Well, that's how they're hoping to create cap space, by using the 13th as a sweetener to get someone to take Marions' not totally awful expiring contract. Cleveland is going to have cap space, a hole at small forward, and will be looking for someone who can help immediately for a playoff push next year. Wouldn't be surprised to see something like Marion and the 13th to the Cavs for some low second round pick (do they still have any of Miami's?)


----------



## kbdullah (Jul 8, 2010)

Knicks, Thunder, Cavaliers Interested in Mavericks 13th Pick



> The Dallas Mavericks have aggressively shopped the 13th overall pick in order to clear cap room this offseason.
> 
> The New York Knicks, Oklahoma City Thunder and Cleveland Cavaliers have reportedly shown interest in acquiring the pick.
> 
> ...


http://basketball.realgm.com/wiretap/228237/Knicks-Thunder-Cavaliers-Interested-In-Acquiring-Mavs-Pick


----------



## kbdullah (Jul 8, 2010)

I'm trying to figure out whether I'd rather have more cap this year or a 2014 1st selection next year.

I'm leaning towards having additional cap, that way Mavericks could get a role player like Iguodala or Ellis with Marion's money and still have cap for a max level deal.

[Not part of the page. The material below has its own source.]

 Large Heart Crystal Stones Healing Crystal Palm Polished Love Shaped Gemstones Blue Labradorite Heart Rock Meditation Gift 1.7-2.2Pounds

I really think the Mavericks are going to have to make a move to prove they'll be good before convincing Paul or Dwight to jump ship.


----------



## R-Star (Jun 13, 2002)

Didn't Marion come out last year and say he'd outright refuse to report to a non playoff contending team if traded?


----------



## kbdullah (Jul 8, 2010)

Yep. Probably only matters in Cleveland's case. I'd have to believe that Knicks and Thunder would only offer a 2014 pick if they are interested, as they don't have cap to swallow Marion. I suppose if Cleveland just wants the pick, they could trade for Marion and the pick, and then just negotiate a buy out w/ Marion.


----------



## 29380 (Feb 23, 2009)

kbdullah said:


> Yep. Probably only matters in Cleveland's case. I'd have to believe that Knicks and Thunder would only offer a 2014 pick if they are interested, as they don't have cap to swallow Marion. I suppose if Cleveland just wants the pick, they could trade for Marion and the pick, and then just negotiate a buy out w/ Marion.

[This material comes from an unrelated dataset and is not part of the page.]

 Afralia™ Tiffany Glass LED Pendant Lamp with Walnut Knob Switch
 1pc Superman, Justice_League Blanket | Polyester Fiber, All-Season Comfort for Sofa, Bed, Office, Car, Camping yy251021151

Knicks do not have their 2014 can not imagine they are offering anything more than #24 & cash.


----------



## kbdullah (Jul 8, 2010)

Mavericks only interested in cap space, Cuban isn't pressed for cash. Maybe the Knicks have a trade exception or something that Dallas would be interested in, if the Knicks want Marion as a Melo backup.


----------



## R-Star (Jun 13, 2002)

Pretty sure Marion could even have time at the PF on the Knicks, or he could play SF when Melo's at the 4 as well.


----------



## 29380 (Feb 23, 2009)

kbdullah said:


> Maybe the Knicks have a trade exception


They do not, the only assets that they have and will probably make available are #24, 2016 1st(Denver has the right to swap), and cash.


----------



## R-Star (Jun 13, 2002)

Ender said:


> They do not, the only assets that they have and will probably make available are #24, 2016 1st(Denver has the right to swap), and cash.


You'd have to figure its the 2016 first the Mavs would be after.


----------



## 29380 (Feb 23, 2009)

R-Star said:


> You'd have to figure its the 2016 first the Mavs would be after.


I doubt the Mavs have any interest in dealing with the Knicks since they can not eat a contract.


----------